◆ **WORK TASK**: Only the lines from the one with "Cozy townhouse near" onward are wanted, through the last line of the entries, set down exactly.

▬▬▬▬▬▬▬▬▬▬

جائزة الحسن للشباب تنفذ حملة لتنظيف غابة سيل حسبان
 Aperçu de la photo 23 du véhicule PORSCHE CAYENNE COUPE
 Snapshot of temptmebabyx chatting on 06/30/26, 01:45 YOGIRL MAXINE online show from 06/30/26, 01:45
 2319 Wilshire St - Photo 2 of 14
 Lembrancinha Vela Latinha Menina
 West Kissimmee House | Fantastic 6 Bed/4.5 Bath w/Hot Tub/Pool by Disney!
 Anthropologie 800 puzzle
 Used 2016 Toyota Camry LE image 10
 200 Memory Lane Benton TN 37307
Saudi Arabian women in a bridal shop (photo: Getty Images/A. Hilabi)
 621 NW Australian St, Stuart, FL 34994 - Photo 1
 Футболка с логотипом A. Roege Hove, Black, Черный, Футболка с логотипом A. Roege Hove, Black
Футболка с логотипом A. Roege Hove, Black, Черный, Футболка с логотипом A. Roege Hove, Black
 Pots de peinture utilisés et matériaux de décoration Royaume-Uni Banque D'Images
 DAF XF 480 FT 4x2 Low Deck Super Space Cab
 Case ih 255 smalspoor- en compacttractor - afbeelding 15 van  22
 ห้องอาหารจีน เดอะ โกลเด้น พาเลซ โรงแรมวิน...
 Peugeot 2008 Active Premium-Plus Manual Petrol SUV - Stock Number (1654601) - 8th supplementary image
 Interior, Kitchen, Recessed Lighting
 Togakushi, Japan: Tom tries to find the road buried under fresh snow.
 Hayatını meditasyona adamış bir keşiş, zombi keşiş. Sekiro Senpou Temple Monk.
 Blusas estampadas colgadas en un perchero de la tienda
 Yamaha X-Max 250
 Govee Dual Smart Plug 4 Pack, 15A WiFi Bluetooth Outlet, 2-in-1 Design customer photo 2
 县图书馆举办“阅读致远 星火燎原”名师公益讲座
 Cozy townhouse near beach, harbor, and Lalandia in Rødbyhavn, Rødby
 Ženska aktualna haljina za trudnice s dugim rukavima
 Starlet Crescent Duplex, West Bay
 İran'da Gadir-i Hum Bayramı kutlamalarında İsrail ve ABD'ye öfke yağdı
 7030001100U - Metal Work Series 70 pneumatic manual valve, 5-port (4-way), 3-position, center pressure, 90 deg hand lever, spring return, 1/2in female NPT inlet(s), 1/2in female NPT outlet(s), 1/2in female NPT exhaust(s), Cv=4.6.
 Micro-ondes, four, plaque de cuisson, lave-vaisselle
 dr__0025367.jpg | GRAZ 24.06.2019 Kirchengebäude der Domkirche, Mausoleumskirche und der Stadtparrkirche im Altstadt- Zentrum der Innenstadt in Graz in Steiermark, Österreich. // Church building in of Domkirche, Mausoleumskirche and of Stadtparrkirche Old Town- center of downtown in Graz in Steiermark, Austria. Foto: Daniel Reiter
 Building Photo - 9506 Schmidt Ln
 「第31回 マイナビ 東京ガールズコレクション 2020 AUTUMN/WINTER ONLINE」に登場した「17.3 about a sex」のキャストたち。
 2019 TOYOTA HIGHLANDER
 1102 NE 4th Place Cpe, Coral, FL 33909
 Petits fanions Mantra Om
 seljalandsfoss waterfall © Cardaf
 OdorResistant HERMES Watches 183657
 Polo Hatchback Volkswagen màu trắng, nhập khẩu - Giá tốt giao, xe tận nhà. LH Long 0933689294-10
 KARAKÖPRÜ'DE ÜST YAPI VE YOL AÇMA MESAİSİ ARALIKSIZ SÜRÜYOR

▬▬▬▬▬▬▬▬▬▬

◆ **SOLUTION BELOW**:
 Cozy townhouse near beach, harbor, and Lalandia in Rødbyhavn, Rødby
 Ženska aktualna haljina za trudnice s dugim rukavima
 Starlet Crescent Duplex, West Bay
 İran'da Gadir-i Hum Bayramı kutlamalarında İsrail ve ABD'ye öfke yağdı
 7030001100U - Metal Work Series 70 pneumatic manual valve, 5-port (4-way), 3-position, center pressure, 90 deg hand lever, spring return, 1/2in female NPT inlet(s), 1/2in female NPT outlet(s), 1/2in female NPT exhaust(s), Cv=4.6.
 Micro-ondes, four, plaque de cuisson, lave-vaisselle
 dr__0025367.jpg | GRAZ 24.06.2019 Kirchengebäude der Domkirche, Mausoleumskirche und der Stadtparrkirche im Altstadt- Zentrum der Innenstadt in Graz in Steiermark, Österreich. // Church building in of Domkirche, Mausoleumskirche and of Stadtparrkirche Old Town- center of downtown in Graz in Steiermark, Austria. Foto: Daniel Reiter
 Building Photo - 9506 Schmidt Ln
 「第31回 マイナビ 東京ガールズコレクション 2020 AUTUMN/WINTER ONLINE」に登場した「17.3 about a sex」のキャストたち。
 2019 TOYOTA HIGHLANDER
 1102 NE 4th Place Cpe, Coral, FL 33909
 Petits fanions Mantra Om
 seljalandsfoss waterfall © Cardaf
 OdorResistant HERMES Watches 183657
 Polo Hatchback Volkswagen màu trắng, nhập khẩu - Giá tốt giao, xe tận nhà. LH Long 0933689294-10
 KARAKÖPRÜ'DE ÜST YAPI VE YOL AÇMA MESAİSİ ARALIKSIZ SÜRÜYOR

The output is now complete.